Unter Al-Bashir wurden Milizen aus muslimischen Nomaden aufgestellt, die Dschandschawid. Aus diesen Gruppen sollten später die Rapid Support Forces hervorgehen. Die RSF wurden 2013 gegründet, damals noch als Verbündete des sudanesischen Militärs. Aufgrund der extremen Brutalität, mit der diese Gruppen gegen die nicht-arabische Bevölkerung Darfurs vorging, erließ der Internationale Gerichtshof eine Völkermordklage gegen al-Bashir.

Seine Diktatur hielt bis 2019, als er selber durch einen Putsch gestürzt wurde. In den nächsten Jahre wurde klar, dass die anfänglichen Hoffnungen auf eine Demokratisierung enttäuscht werden würden. Die verschiedenen Fraktionen des sudanesischen Staates konnten sich nicht einigen, wer nun die Macht im Sudan erhält. Am 15. April 2023 brachen die Feuergefechte zwischen der SAF und den RSF aus, womit der aktuelle Bürgerkrieg begann.

Die Profiteure des Blutbades

Die Vereinigt Arabischen Emirate sind als Akteur im Goldhandel mit den RSF offensichtliche Nutznießer des Konflikts. Jedoch ist auch die BRD stark in die scheinbar endlosen Kriege im Sudan involviert. So belieferte Bonn die SAF bereits während das Kalten Krieges mit reichlich Waffen, um ein Vordringen des Kommunismus in Afrika einzudämmen. Seit dreißig Jahren finden deutsche Waffen nun über den Umweg durch die VAE in den Sudan. Das G3-Sturmgewehr des deutschen Rüstungsunternehmens Heckler & Koch gehört somit zu den Hauptinstrumenten der Massaker im Sudan.
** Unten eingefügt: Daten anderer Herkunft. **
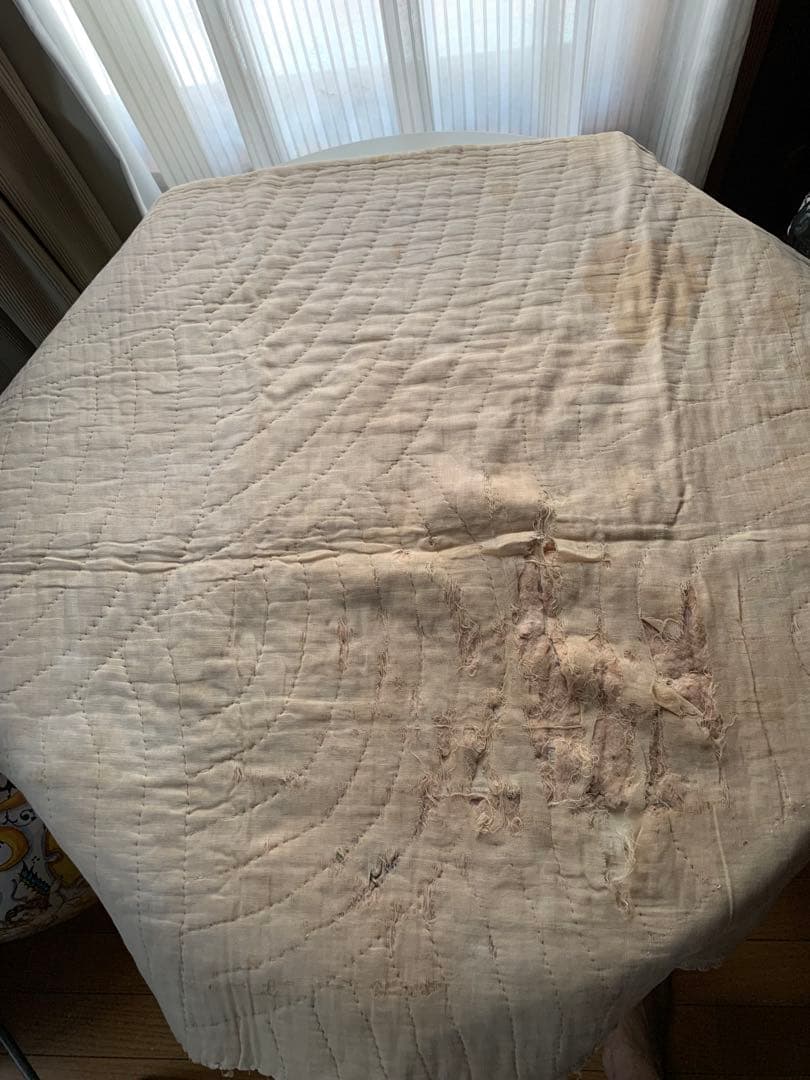 フランスアンティーク　シャビーな感じが可愛い古いパッチワークの布！たまりません！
Neben der BRD gibt es noch weitere Regionalmächte, die im Sudan aktiv sind: Saudi-Arabien, Ägypten und Katar finanzieren die SAF im großen Stile. Die Anführer der Kriegsparteien sind ohne jeden Zweifel ebenfalls zu den Profiteuren des Krieges zu zählen. Der RSF-Chef Mohammed Hamdan Daglo (Spitzname „Hemeti“, arab. „Kleiner Mohammed“) ist mit den Besitzern einer Holding-Gesellschaft verwandt, die wiederum im Goldgeschäft tätig ist. Der sudanesische Rumpfstaat selber ist wiederum eine Oligarchie. Im Sudan-Krieg konkurrieren also internationale Kapitalist:innen und lokale Herrscher-Cliquen gleichermaßen um die Kontrolle des Landes.